For the data below, restate word for word only the lines from the line containing "Shop Jacks Into" through the line containing "Swatch of Benjamin", both ends included.
:: ENTRIES SUPPLIED
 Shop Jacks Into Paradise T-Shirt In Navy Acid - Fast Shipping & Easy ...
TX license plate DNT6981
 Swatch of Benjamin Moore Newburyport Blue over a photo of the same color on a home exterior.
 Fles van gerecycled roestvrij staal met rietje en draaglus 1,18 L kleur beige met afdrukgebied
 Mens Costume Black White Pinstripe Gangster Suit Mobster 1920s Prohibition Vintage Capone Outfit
::::
:: ENTRIES SUPPLIED
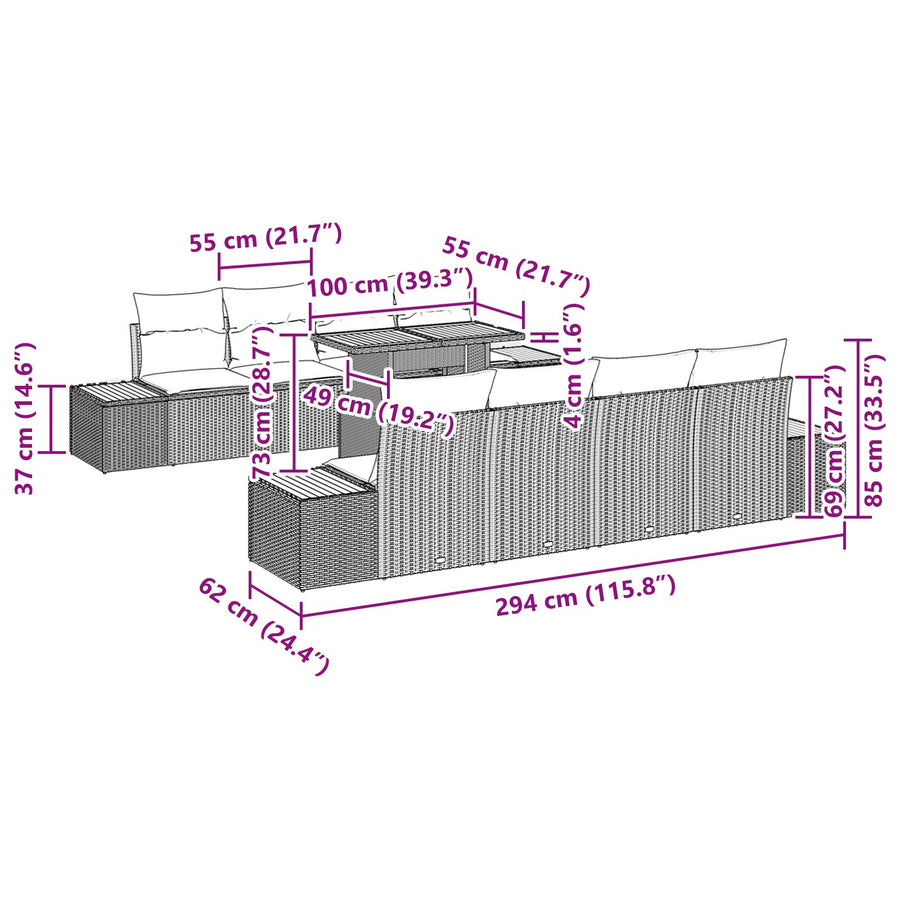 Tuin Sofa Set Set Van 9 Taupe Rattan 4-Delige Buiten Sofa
::::
* TASK SOLUTION *
 Shop Jacks Into Paradise T-Shirt In Navy Acid - Fast Shipping & Easy ...
TX license plate DNT6981
 Swatch of Benjamin Moore Newburyport Blue over a photo of the same color on a home exterior.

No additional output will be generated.